First RideGive Triumph credit for having guts. With the all-new TT600, the comparatively tiny manufacturer has elected to go head-to-head with the likes of Honda and Yamaha for a share of one of the most competitive market segments there is: middleweight supersports. Moreover, Triumph has repeatedly signaled that it won't be happy to create a "Triumph of the 600s" but will reset the existing middleweight standards. Those are fighting words, guv'.
A big problem in this class is the rapid pace of development. When Triumph began this exercise in early 1996 neither the Honda CBR600F4 nor the Yamaha YZF-R6 had been introduced. With the arrival of those bikes, Triumph realized it would have to re-aim its efforts to take top honors, so a comprehensive midproject rework was undertaken. Separately, the bike's engine and chassis were designed and tweaked-for a time a prototype TT circulated European racetracks with a previous-generation ZX-6R engine amidships. Last August, with an engine making 108 horsepower at the crank and a chassis pruned for an all-up weight of 374 pounds, the TT600 once again hit the racetracks for suspension calibration.
Finally, in March, the TT was introduced to the world press in south-western France. The short answer is this: Everyone there felt Triumph had, perhaps amazingly, pegged the target dead-center, producing a genuinely competitive middleweight supersport that will need no disclaimers or excuses to stand fairing-to-fairing with the F4 and R6.
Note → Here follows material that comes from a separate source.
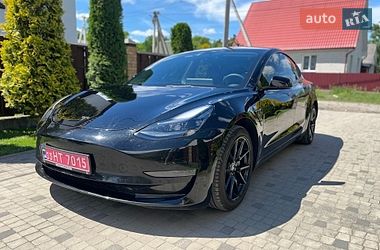 Седан Tesla Model 3 2022 в Луцке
Four years in development sounds like a long time, but it's an eyeblink compared with the head start the other manufacturers have in the 600 class. What's more, Triumph had to completely abandon the modular philosophy that has served it so well (economically, at least) and concentrate on making the TT the best 600 it could without regard to sister platforms or even future expansion. (Triumph believes that as quickly as the 600 class moves, its next salvo will have to be another clean-sheet design.)
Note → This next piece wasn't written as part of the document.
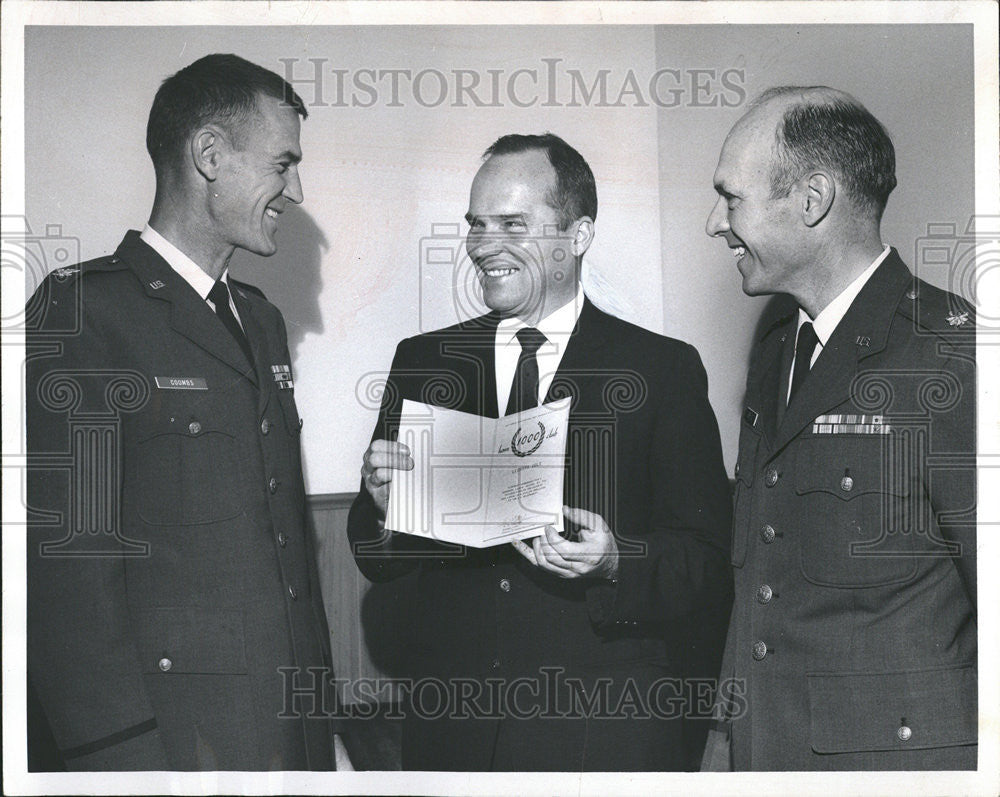 1968 Press Photo Leonard Cole United States Air Force Civil Staff - Historic Images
Why a four-cylinder bike in a product line dominated by triples? Triumph briefly considered a triple, but to be competitive in outright horsepower it would have to be nearly 700cc. To be smooth, the triple needs a balance shaft, preferably located ahead of the cylinder bank, and this requirement precludes nestling the engine as close as possible to the front wheel. So a four-banger it is. Triumph follows class orthodoxy in general and the CBR-F4 in particular. With a 68.0mm bore and a 41.3mm stroke, the TT's 599cc four is the most oversquare of the current 600s-and has the highest compression ratio, at 12.5:1. Dual overhead cams are driven by chain from the right side of the crank and the primary drive is via straight-cut gears to the clutch basket. Triumph has, for the first time, used die-cast aluminum cases; all of its other engines have sand-cast cases. The company says tighter production tolerances result.
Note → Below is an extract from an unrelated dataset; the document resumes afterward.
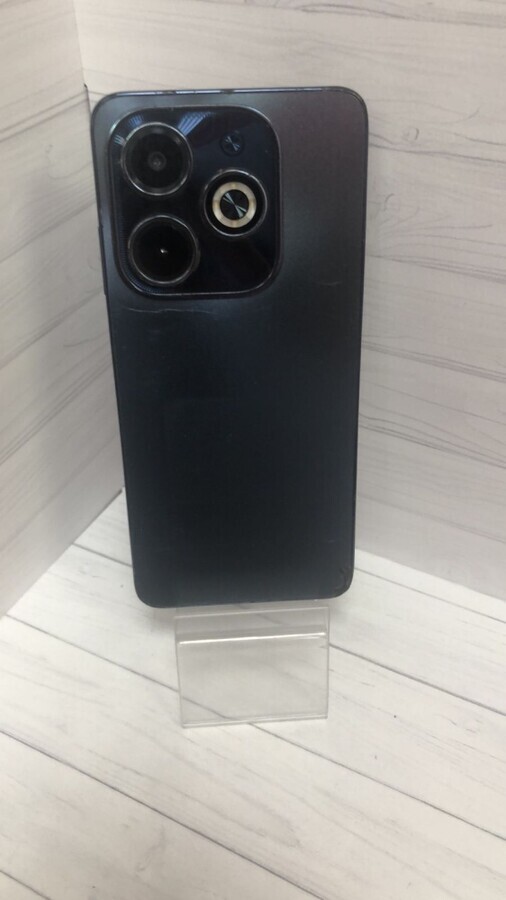 Мобильный телефон Infinix Hot 40i 8/256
Although the TT's engine is not a carbon copy of a Honda or Yamaha powerplant, it strays from the norm only in the details, such as cast sections at the top of the exhaust header that allow the port shape to be continued well into the pipe. Triumph also fitted digital fuel-injection, marking its first appearance in the 600 class. Similar to the system used in the larger triples, the ram-air-fed Sagem setup allows injection and ignition maps to be changed to suit aftermarket pipes. (Triumph will sell its own slip-on muffler in stainless and carbon-fiber wrap.) And, at $8299, the TT is priced just a bit above its Asian opponents.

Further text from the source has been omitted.